Quella pianta donata non durerà per sempre, ha offerto a Giona soltanto un sollievo temporaneo, lo vedremo. Ma un sollievo e una gioia temporanei restano sollievo e gioia, la loro transitorietà non annulla l’esperienza buona che abbiamo fatto magari solo per un giorno, per una sola ora. L’effimero non è necessariamente illusione, anche una farfalla che vive soltanto un giorno vive davvero, partecipa veramente e da protagonista all’essere dell’universo.

L’umanesimo biblico è un umanesimo della vita, e per questo è anche un grande insegnamento etico sul valore della vita mentre si svolge. Un “mentre” che non è la ricerca del piacere nell’attimo fuggente. È molto di più. È quell’istinto vitale che ci dice che la vita che in questo momento accade dentro e attorno a me è l’unica possibilità che ho per intonarmi con l’infinito, con Dio, con te, con il mio cuore. Non non ne ho un’altra di migliore. La vita passata ricordata e la vita futura immaginata sono solo vanitas-hevel se non sono allacciate dentro un nodo di un presente vero e vivo proprio perché presente. È qui ed ora dove accade il miracolo della vita, dove si compie la possibilità di sfiorare e forse toccare l’eterno. Forse solo Qoelet (cap. 8) ha colto questa sapienza biblica in tutta la sua forza e drammatica bellezza.

Buona parte della saggezza umana consiste nel comprendere, un giorno, che la bellezza, la gioia, il dolore e l’amore di questo giorno che stiamo vivendo hanno un valore infinito, che è infinito non “nonostante” la loro provvisorietà ma “grazie” ad essa. È l’effimero di questo giorno breve e veloce che lo fa bellissimo, vero e prezioso proprio perché è vero e non tornerà più.
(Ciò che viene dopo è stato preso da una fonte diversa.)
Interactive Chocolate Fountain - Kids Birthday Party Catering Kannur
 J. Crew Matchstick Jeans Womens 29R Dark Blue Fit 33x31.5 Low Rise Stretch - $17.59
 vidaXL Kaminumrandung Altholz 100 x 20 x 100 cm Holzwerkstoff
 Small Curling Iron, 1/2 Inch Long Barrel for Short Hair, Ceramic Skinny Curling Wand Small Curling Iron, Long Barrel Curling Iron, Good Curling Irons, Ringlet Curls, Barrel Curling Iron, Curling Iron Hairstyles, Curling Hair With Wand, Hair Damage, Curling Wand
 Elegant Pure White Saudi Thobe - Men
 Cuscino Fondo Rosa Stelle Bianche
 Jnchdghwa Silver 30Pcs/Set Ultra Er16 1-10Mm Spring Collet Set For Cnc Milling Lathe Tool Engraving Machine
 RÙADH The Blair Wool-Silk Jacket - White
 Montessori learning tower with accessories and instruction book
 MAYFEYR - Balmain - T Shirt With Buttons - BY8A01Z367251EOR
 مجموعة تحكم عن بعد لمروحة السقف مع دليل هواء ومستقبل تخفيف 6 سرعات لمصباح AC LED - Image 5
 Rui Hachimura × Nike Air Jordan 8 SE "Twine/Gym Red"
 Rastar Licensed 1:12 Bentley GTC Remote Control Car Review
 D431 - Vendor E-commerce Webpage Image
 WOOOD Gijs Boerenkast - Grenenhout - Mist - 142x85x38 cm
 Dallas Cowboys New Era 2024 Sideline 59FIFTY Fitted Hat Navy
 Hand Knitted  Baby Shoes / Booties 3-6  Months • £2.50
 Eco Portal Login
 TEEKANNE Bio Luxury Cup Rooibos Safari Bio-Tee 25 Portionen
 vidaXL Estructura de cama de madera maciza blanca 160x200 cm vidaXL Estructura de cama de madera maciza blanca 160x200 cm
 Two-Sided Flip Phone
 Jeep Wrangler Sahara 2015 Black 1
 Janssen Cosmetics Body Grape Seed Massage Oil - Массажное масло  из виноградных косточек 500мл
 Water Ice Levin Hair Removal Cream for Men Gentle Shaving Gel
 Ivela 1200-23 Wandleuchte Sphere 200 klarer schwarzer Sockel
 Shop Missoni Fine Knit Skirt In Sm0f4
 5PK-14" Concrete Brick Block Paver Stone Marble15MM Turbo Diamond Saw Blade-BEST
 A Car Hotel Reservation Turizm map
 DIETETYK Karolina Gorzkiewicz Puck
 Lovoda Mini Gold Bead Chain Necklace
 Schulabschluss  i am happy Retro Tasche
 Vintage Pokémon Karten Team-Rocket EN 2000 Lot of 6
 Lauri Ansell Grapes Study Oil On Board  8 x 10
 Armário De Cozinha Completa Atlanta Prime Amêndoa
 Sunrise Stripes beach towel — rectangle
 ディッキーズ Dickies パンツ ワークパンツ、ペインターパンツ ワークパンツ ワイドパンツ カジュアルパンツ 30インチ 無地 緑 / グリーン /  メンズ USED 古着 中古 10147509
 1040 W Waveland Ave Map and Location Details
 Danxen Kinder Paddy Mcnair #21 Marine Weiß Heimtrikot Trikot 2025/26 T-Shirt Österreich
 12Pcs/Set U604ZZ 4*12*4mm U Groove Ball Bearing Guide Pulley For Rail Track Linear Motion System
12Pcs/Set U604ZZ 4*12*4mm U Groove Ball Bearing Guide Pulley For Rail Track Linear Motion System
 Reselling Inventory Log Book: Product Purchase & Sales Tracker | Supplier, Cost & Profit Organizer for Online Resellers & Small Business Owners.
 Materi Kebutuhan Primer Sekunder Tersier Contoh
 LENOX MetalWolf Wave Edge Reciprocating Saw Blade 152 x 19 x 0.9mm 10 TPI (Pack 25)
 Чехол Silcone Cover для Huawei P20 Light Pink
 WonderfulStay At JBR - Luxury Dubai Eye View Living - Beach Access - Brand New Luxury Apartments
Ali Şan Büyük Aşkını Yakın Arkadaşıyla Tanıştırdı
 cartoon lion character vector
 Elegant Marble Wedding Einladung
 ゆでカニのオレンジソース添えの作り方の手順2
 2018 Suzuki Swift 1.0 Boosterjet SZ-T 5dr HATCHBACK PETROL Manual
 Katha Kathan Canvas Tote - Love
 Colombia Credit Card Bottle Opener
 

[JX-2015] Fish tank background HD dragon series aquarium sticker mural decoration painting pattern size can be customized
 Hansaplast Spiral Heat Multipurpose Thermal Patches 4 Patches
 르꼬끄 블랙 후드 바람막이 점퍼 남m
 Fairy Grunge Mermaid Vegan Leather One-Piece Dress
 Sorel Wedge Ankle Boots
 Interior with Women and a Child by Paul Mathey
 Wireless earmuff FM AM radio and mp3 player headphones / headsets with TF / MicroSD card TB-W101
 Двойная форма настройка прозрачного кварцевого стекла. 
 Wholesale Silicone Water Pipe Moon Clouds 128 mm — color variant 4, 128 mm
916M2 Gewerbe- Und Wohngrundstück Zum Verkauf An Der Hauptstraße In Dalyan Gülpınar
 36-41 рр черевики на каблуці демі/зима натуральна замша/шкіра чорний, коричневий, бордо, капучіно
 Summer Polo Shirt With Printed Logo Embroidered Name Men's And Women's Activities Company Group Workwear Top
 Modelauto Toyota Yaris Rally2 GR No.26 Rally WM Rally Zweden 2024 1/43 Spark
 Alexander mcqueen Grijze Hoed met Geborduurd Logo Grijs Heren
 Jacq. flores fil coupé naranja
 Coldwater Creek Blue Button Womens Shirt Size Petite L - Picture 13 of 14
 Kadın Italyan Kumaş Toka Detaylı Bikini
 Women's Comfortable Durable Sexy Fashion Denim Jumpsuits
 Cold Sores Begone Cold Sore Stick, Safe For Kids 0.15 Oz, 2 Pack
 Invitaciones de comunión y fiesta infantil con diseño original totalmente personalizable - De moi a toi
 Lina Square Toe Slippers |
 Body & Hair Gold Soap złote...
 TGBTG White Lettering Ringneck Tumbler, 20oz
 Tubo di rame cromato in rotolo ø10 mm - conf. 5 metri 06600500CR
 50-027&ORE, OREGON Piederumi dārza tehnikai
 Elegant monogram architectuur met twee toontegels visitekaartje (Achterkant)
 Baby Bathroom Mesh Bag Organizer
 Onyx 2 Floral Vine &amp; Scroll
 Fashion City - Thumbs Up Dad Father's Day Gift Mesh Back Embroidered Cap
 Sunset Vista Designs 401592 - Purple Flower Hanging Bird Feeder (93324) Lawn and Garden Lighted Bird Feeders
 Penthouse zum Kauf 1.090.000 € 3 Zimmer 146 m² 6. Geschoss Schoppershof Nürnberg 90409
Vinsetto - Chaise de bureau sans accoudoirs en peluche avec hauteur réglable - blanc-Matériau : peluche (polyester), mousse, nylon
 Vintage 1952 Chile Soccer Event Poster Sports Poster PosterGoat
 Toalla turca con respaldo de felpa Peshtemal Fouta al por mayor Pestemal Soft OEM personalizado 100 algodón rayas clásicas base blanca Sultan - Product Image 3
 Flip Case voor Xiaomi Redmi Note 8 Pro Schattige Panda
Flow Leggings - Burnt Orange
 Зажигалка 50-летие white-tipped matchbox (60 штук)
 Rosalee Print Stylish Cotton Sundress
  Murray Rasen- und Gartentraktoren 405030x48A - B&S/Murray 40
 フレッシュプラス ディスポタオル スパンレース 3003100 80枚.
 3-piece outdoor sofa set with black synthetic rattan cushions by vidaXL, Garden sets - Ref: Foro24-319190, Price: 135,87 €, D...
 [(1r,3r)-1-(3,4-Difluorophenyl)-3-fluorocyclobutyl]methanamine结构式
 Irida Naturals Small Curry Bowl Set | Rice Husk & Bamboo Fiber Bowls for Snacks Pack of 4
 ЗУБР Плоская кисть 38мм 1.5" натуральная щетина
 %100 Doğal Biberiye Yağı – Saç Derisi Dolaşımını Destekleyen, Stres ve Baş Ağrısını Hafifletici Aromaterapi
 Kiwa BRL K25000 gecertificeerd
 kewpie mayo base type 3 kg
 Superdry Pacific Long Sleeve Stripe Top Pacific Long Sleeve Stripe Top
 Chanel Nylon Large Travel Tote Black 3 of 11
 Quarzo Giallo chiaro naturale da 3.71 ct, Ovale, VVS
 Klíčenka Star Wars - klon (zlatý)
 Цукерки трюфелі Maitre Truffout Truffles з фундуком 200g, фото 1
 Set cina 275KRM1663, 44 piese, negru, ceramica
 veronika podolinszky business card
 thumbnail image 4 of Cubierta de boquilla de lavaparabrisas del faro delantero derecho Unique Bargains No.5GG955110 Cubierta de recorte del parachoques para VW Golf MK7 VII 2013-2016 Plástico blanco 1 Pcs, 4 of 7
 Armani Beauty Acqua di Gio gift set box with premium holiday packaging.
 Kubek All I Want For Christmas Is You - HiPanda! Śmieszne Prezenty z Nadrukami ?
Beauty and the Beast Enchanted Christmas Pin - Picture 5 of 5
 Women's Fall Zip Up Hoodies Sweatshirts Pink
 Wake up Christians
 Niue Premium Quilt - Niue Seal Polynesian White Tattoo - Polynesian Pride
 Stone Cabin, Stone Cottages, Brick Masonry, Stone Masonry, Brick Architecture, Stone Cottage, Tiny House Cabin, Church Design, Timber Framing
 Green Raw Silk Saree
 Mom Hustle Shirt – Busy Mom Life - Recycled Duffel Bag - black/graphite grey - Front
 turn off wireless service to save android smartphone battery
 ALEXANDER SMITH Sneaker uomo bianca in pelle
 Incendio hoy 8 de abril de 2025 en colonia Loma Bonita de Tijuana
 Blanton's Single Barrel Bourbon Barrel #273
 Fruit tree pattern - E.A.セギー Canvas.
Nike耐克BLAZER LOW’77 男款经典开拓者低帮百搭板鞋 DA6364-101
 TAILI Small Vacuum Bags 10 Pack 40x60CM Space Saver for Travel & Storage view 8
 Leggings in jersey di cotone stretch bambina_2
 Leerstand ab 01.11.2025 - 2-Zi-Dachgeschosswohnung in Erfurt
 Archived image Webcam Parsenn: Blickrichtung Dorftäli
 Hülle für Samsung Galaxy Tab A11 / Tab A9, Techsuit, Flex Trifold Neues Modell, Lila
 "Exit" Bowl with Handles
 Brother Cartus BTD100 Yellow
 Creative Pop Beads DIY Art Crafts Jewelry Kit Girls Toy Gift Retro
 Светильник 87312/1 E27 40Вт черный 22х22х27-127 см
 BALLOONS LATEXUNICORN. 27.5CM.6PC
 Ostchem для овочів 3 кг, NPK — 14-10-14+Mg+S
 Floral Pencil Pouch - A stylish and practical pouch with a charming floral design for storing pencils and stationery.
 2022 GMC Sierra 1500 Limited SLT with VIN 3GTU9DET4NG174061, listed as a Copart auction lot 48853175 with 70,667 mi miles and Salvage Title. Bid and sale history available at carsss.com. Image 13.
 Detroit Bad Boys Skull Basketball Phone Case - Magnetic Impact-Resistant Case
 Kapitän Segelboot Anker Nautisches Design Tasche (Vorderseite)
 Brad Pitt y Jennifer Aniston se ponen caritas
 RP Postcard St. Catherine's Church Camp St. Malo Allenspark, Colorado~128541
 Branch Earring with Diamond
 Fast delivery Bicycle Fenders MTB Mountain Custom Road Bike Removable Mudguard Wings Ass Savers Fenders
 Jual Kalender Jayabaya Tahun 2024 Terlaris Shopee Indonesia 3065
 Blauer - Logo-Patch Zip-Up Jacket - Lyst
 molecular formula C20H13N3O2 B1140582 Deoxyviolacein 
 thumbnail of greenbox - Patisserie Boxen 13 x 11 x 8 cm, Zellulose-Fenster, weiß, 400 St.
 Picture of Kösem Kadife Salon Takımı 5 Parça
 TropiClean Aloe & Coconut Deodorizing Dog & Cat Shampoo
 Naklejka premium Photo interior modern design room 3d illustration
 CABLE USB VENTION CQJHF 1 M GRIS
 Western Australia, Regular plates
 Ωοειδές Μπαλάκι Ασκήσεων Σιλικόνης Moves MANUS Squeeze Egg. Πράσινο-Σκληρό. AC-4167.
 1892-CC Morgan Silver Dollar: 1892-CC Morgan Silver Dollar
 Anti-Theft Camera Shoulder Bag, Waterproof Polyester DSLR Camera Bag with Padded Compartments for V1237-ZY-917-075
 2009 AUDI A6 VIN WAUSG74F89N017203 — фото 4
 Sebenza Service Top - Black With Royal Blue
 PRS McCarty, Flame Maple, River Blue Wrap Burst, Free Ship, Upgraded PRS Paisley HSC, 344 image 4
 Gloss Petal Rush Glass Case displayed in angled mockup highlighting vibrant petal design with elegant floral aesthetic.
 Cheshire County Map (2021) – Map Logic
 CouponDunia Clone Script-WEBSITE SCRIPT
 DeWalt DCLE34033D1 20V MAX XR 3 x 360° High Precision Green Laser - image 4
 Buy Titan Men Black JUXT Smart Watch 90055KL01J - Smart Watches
Si può vivere una buona adultità e una bella vecchiaia se un giorno si capisce che ciò che davvero vale è l’ascolto di questo amico che mi parla in questo preciso istante, sparecchiare bene questa tavola dove il mio piatto è l’unico piatto ormai rimasto, e scoprire che in quel gesto con cui riassetto la cucina, un gesto solenne e sacro come quello di un sacerdote sull’altare, sto ricreando con Elohim il mondo intero, sto gustando ancora la vita esattamente come feci con la prima poppata di latte. In quel momento “tocco” i miei nonni che non ci sono più, i miei avi che non ho incontrato mai, il bambino che deve ancora nascere; rivive quella serata accanto al fuoco, quella canzone, quell’ultimo incrocio di sguardi. Se c’è una possibilità vera di eternità su questa terra deve essere qualcosa del genere. Si impara il mestiere del vivere sotto l’ombra provvisoria del qiqaion.
Dedicato ai miei amici della Comunità di Bose, che hanno voluto dare alla loro casa editrice il bel nome del Qiqajon.